Near and Far
Released: April 2013
Dick Weissman is an accomplished performer, instrumental composer, songwriter, recording artist, author and educator. Active in the Portland, OR music scene for ten years, he recorded this CD there but relocated to Denver during the summer. His new CD, Near and Far, showcases his latest collection of original music written primarily for banjo and guitar, plus a few songs with vocals. These 16 tracks are produced mostly on the simple side with a number of solos and innovative duets with oboe, English horn, oboe d’amore (all played by Mitch Imori) or soprano sax (played by Noah Peterson).
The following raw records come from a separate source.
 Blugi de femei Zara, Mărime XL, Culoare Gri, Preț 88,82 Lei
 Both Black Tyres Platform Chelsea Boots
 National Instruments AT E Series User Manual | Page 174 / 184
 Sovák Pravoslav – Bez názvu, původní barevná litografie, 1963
Weissman contributes his own versatile talent on banjo, banjola, 6- and 12-string guitars, electric guitar, piano, and tiple. Mollie O’Brien makes several guest appearances as a lead and harmony vocalist. She shows up partway through Brazilian Banjo Rag doing a wonderful, whimsical scat, and takes the lead on Oklahoma (Carry All My Tears Away), the only song that is fully produced with 12-string guitar, drums, bass (Ron Bland) and harmonica (Dan McCrimmon). Weissman sings lead on A Cup of the Blues and shares vocals with Harry Tuft and O’Brien on the sweet waltz-time song, Take This Letter.
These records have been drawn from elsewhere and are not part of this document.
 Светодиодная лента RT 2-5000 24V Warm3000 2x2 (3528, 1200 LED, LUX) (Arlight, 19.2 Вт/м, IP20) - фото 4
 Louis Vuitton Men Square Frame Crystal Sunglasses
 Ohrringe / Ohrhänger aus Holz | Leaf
Weissman’s music evokes gentle moods with the quietness of his solo playing, from the intricate banjo picking on Trail Ridge Variations interwoven with English horn, to his arpeggiated fingerstyle guitar on Angeology, a beautiful romantic piece written in memory of friend and Journeymen bandmate, Scott McKenzie. Recapturing Trail Ridge starts out with thoughtful, soft, melodic passages on solo banjo and then picks up the energy with frailing before closing with melody again. Stuart and the Blue Goose has a toe-tapping, old-time Appalachian feeling, written for the fine banjo player Stuart Jamieson, who died in 2008. Banjo Duende is a unique and impressive solo banjo piece with a strong flamenco theme. One of my favorite tunes is Sami & Dave, written with two different themes for his two blue heelers who had vastly different personalities. It changes mood from the prim, proper and reflective melody accompanied by oboe d’amore, to releasing all that pent-up energy into rollicking strums and rolls just like a bouncing, happy puppy.
At the end of the CD is a final track, About the Music, where Weissman gives a brief background for each song. This is a nice touch, and it gives us a sense of knowing the artist better through hearing his friendly voice speaking straight to the listener.